Von diesem Zentrum der Macht breitet sich die Zerstörung sukzessive aus. Sie erfasst den Körper von Philipp II., seine Physiognomie, seine Art zu blicken, und sie erfasst die nächsten Mitarbeiter. Das System Philipp II. bringt Zerstörung und Tod. So treibt der Kadaver eines Pferdes durch den Innenraum des Palastes. Die Zerstörung überträgt sich von den Menschen auf die Tiere und die Natur. An eine freiwillige Abtretung von Macht ist überhaupt nicht zu denken. Die erschreckende Leere dieses Lebens spürt Philipp II. sehr wohl. Um diese Empfindungen zu bekämpfen, inszeniert er sadomasochistische Spiele, in denen die Macht ihre Entsprechung in einem sexuellen Planspiel findet. Die Figuren in diesem Spiel müssen dem Herrscher stets zu Diensten sein. Auch Lust ist zu einem erotischen Despotismus verkommen.

Der Königspalast ist ein Ort der Macht, mit vielen Ecken und Winkeln (Bühne: Martin Zehetgruber). Es gibt in diesem Labyrinth keinen Raum, in dem Carlos ein Gefühl von Geborgenheit spüren könnte. Carlos ist in diesen Räumen einer ständigen Observation preisgegeben. Die Beschattung geschieht über eine Putzfrau, gespielt von Elisabeth Orth, die beim Saubermachen jede Veränderung im Herrscherhaus im Blick hat.

Weder Don Carlos (Philipp Hauß) noch Posa (Denis Petkovic) stehen im Zentrum, sondern Philipp II. (Sven-Eric Bechtolf), der mit dem Großinquisitor (Elisabeth Orth) zur eiskalten Machtpolitik zurückfindet. Nicht Carlos gerät unter die Macht von Posa. Die beiden Jugendfreunde, deren Nähe sich in so kurzer Zeit zu einem Abgrund des Misstrauens öffnet, geraten unter die Macht der Herrschenden. Die tausend Augen, die besoldet sind, um über Don Carlos zu wachen, haben ihre Aufgabe erfüllt. Die oberste Verhaltensnorm in diesem Überwachungsstaat spricht der Großinquisitor gleichsam als letztes Wort aus: "Das Seil, an dem / Er flatterte, war lang, doch unzerreißbar."

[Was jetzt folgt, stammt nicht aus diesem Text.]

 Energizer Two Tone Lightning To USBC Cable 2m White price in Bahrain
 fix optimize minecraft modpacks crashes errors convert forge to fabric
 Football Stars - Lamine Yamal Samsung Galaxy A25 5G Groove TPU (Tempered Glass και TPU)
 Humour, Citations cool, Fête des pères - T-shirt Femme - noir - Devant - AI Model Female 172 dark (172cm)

Zwischen den Generationen gibt es keine Verbundenheit. Es herrscht eine eisige Kälte, die keinen jungen Menschen zum Erwachsenen heranreifen lässt. Für Andrea Breth gehören Carlos und Posa zur "lost generation", die in den Planspielen der Politik und der Kirche einfach erledigt wird. Carlos und Posa mögen sich an ihren Freiheitsideen berauschen, aber zum Zug kommen sie nicht. Die jugendlichen Revolutionäre haben in Breths Inszenierung keine Kraft, die Welt von Philipp II. aus den Angeln zu heben. Sie spüren, dass sie auf Jahre hinaus dazu verdammt sind, unter der Herrschaft der Elterngeneration zu bleiben.

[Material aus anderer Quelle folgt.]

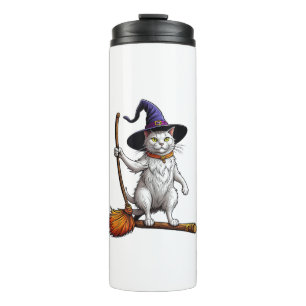 Bouteilles Isothermes Assistant Chat Sorcière Halloween Amoureux de les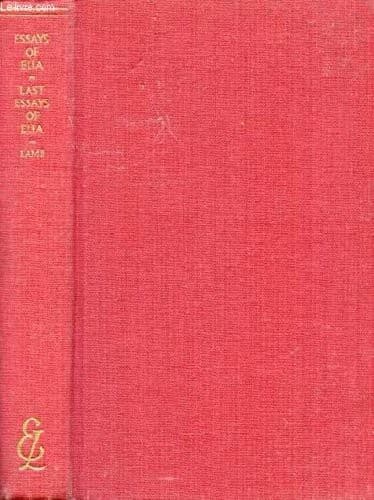 Portada de Essays of Elia ; Last essays of Elia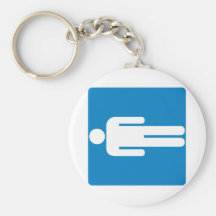 Men's Restroom Highway Sign Key Chain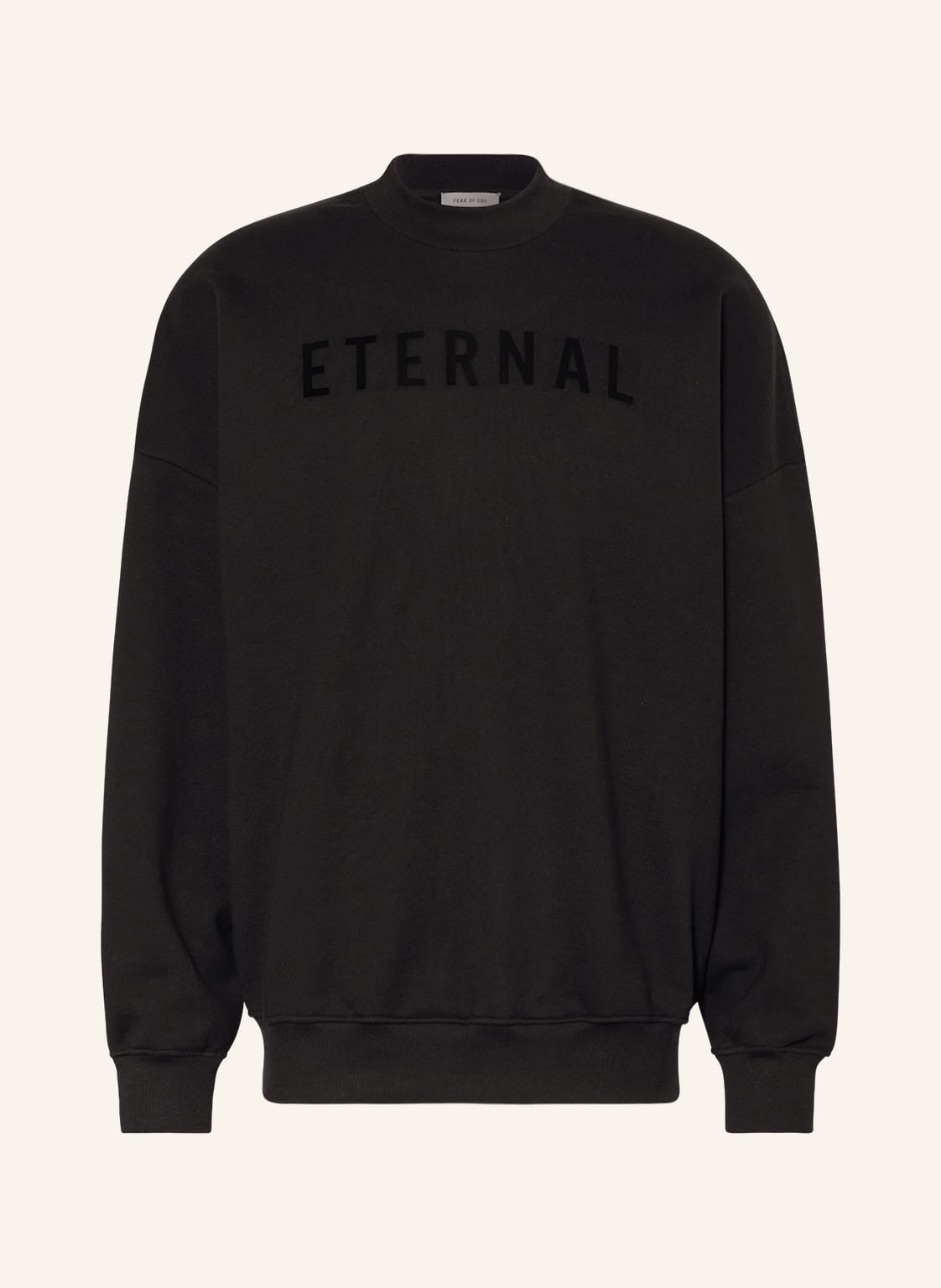Image of Fear Of God Oversized-Sweatshirt schwarz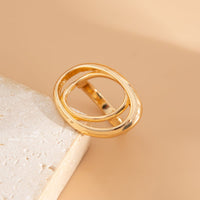 Thumbnail for Chic Irregular Duo Oval Ring - ArtGalleryZen
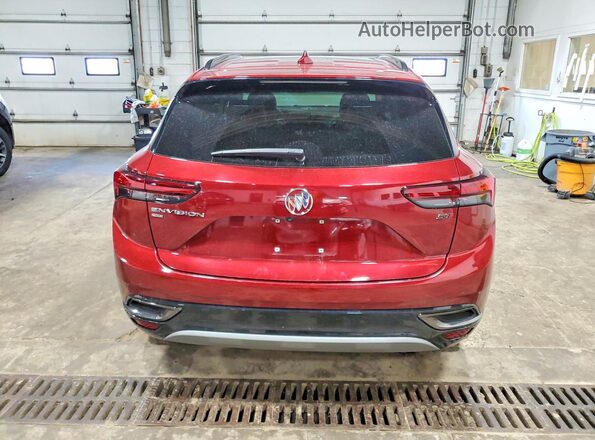LRBFZPR47MD148805 2021 BUICK ENVISION Red Vista trasera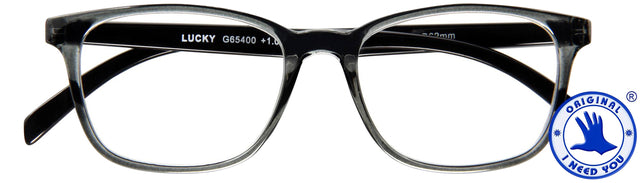 I Need You - Lunettes de lecture +3,00 dpt Lucky gris-noir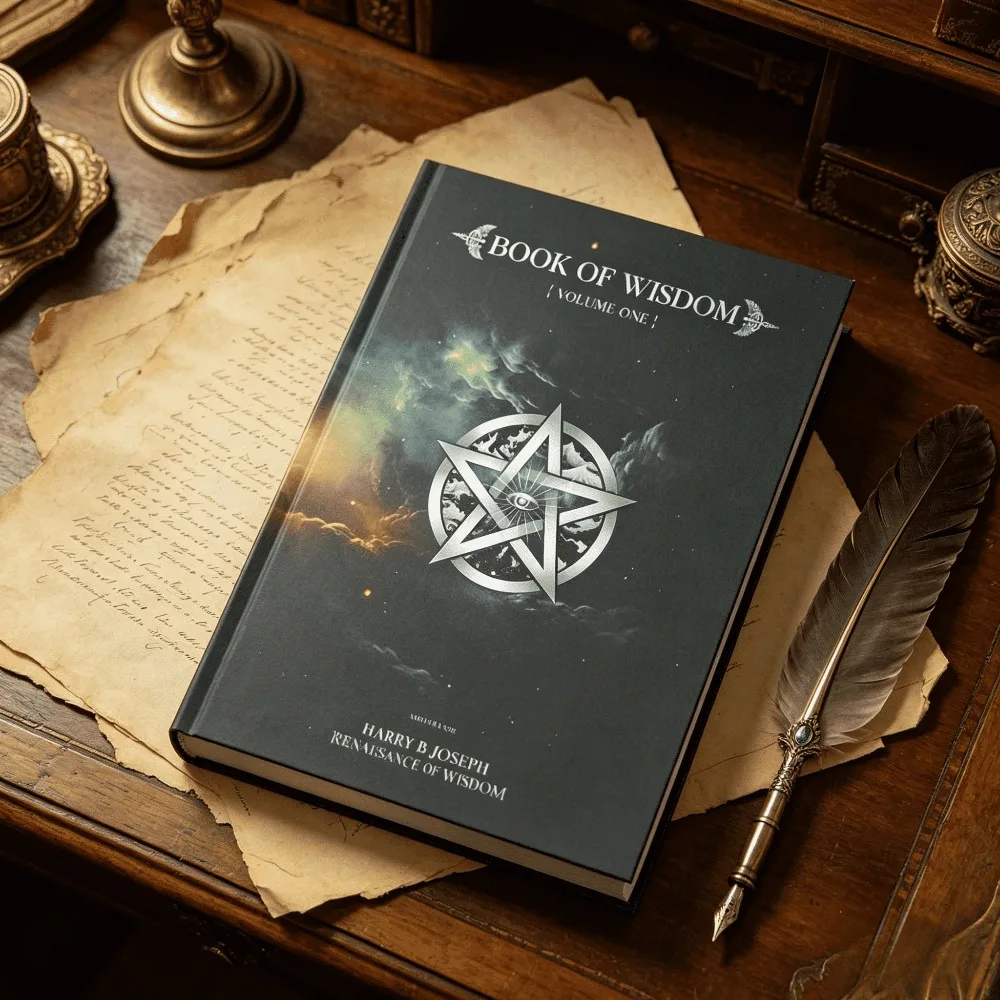 

Book of Wisdom Volume One Harry B. Joseph Spiritual Enthusiasts English Paperback Ancient Mystical Wisdom Handbook Free Shipping
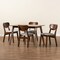 Baxton Studio Damara Mid-Century Modern Grey Fabric and Walnut Brown Finished Wood 5-Piece Dining Set 183-11645-11644-Zoro - alternate 2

In drei Don Carlos-Inszenierungen hat das Burgtheater im Zeitraum von 1955 bis 2005 die Auseinandersetzung über die Gedankenfreiheit und die Unterordnung unter die Entscheidungen der weltlichen und kirchlichen Machthaber geführt. In Andrea Breths Inszenierung ist Philipp II. kein Vater, der bei Don Carlos und Posa eine Hoffnung auf die Überbrückung der Kluft zwischen den Generationen weckt. Die Utopie der Gedankenfreiheit scheint in Breths Inszenierung nur ex negativo auf. (DER STANDARD, Album, Printausgabe vom 24./25.9.2009)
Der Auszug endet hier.